_Records shown_:

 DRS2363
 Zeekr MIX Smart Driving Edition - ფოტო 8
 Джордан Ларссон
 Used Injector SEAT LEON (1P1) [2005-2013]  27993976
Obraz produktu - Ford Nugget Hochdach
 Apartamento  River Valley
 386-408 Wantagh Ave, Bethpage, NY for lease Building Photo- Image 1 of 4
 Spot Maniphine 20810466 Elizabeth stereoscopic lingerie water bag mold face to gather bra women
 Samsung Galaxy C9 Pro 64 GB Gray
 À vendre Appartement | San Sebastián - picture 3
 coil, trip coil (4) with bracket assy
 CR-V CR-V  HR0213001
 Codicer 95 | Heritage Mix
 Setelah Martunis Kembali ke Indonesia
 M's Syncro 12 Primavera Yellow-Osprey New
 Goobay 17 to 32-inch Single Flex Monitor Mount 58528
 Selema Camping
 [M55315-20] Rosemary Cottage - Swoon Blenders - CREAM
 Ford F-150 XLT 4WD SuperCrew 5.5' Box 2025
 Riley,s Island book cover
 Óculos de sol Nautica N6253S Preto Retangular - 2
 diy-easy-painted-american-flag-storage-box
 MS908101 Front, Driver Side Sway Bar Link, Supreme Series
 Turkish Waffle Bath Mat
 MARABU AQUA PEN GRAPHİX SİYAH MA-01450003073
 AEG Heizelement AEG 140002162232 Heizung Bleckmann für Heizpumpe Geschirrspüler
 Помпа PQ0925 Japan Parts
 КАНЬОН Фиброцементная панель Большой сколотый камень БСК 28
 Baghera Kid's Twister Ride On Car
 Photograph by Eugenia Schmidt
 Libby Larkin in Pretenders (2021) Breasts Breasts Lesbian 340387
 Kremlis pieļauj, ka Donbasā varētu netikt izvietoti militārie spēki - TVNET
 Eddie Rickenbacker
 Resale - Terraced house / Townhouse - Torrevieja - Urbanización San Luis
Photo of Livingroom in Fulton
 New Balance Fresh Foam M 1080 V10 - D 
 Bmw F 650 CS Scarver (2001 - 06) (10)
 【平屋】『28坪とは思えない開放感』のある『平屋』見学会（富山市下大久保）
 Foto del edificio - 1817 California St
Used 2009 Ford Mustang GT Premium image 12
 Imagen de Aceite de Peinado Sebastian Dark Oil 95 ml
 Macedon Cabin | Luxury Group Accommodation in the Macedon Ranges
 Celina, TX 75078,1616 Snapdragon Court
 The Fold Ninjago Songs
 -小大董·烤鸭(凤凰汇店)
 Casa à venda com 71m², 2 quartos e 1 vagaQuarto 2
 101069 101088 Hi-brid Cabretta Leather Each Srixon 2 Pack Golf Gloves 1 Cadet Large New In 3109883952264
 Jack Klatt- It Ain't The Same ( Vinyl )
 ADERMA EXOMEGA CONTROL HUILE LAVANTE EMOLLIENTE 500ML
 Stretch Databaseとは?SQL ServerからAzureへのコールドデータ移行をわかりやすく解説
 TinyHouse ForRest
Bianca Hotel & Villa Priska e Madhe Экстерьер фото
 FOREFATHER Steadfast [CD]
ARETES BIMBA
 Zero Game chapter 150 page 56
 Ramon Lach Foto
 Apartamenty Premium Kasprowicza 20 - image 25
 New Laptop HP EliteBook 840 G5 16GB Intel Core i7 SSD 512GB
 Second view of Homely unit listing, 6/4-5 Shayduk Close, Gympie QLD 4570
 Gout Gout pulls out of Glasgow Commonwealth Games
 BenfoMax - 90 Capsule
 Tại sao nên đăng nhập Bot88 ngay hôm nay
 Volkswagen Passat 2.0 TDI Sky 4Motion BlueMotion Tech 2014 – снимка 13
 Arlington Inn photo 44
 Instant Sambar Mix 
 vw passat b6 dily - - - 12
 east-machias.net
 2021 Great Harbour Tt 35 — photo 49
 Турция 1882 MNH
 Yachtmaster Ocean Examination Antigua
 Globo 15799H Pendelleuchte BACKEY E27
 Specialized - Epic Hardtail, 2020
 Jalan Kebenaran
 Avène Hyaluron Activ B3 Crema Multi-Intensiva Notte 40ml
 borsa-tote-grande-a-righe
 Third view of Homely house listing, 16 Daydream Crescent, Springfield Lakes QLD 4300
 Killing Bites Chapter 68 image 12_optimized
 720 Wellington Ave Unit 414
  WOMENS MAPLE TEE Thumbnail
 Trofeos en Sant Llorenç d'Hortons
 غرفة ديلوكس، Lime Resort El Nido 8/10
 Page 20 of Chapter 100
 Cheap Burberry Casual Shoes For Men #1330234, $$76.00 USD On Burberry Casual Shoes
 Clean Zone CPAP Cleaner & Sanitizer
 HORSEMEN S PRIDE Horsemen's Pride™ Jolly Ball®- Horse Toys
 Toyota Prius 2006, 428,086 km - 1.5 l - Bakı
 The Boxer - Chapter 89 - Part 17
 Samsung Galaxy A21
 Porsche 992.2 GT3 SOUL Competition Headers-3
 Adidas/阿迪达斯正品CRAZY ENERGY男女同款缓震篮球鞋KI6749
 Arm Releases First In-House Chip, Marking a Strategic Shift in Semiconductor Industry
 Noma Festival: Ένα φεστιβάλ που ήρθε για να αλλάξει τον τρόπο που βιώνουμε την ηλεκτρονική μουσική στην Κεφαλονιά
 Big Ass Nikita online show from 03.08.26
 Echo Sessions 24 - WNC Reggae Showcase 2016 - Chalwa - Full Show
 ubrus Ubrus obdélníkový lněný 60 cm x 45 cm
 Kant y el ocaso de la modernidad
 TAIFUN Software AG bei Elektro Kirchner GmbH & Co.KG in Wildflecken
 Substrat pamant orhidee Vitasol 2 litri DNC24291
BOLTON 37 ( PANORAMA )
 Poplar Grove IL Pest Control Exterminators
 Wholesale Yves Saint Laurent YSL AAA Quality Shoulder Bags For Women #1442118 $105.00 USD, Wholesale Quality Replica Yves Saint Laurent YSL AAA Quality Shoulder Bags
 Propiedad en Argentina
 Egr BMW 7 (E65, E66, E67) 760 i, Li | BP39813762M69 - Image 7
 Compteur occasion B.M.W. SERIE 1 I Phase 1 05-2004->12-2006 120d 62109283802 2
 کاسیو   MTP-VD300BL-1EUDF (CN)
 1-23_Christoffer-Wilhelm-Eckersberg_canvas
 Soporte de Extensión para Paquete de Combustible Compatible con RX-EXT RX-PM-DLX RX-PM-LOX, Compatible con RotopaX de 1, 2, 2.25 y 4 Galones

_Task instructions_: Beginning with the line above that contains "Jack Klatt- It Ain't The Same ( Vinyl )", copy each line exactly up to and including the line that contains "HORSEMEN S PRIDE", and go no further.

_Your solution_:
 Jack Klatt- It Ain't The Same ( Vinyl )
 ADERMA EXOMEGA CONTROL HUILE LAVANTE EMOLLIENTE 500ML
 Stretch Databaseとは?SQL ServerからAzureへのコールドデータ移行をわかりやすく解説
 TinyHouse ForRest
Bianca Hotel & Villa Priska e Madhe Экстерьер фото
 FOREFATHER Steadfast [CD]
ARETES BIMBA
 Zero Game chapter 150 page 56
 Ramon Lach Foto
 Apartamenty Premium Kasprowicza 20 - image 25
 New Laptop HP EliteBook 840 G5 16GB Intel Core i7 SSD 512GB
 Second view of Homely unit listing, 6/4-5 Shayduk Close, Gympie QLD 4570
 Gout Gout pulls out of Glasgow Commonwealth Games
 BenfoMax - 90 Capsule
 Tại sao nên đăng nhập Bot88 ngay hôm nay
 Volkswagen Passat 2.0 TDI Sky 4Motion BlueMotion Tech 2014 – снимка 13
 Arlington Inn photo 44
 Instant Sambar Mix 
 vw passat b6 dily - - - 12
 east-machias.net
 2021 Great Harbour Tt 35 — photo 49
 Турция 1882 MNH
 Yachtmaster Ocean Examination Antigua
 Globo 15799H Pendelleuchte BACKEY E27
 Specialized - Epic Hardtail, 2020
 Jalan Kebenaran
 Avène Hyaluron Activ B3 Crema Multi-Intensiva Notte 40ml
 borsa-tote-grande-a-righe
 Third view of Homely house listing, 16 Daydream Crescent, Springfield Lakes QLD 4300
 Killing Bites Chapter 68 image 12_optimized
 720 Wellington Ave Unit 414
  WOMENS MAPLE TEE Thumbnail
 Trofeos en Sant Llorenç d'Hortons
 غرفة ديلوكس، Lime Resort El Nido 8/10
 Page 20 of Chapter 100
 Cheap Burberry Casual Shoes For Men #1330234, $$76.00 USD On Burberry Casual Shoes
 Clean Zone CPAP Cleaner & Sanitizer
 HORSEMEN S PRIDE Horsemen's Pride™ Jolly Ball®- Horse Toys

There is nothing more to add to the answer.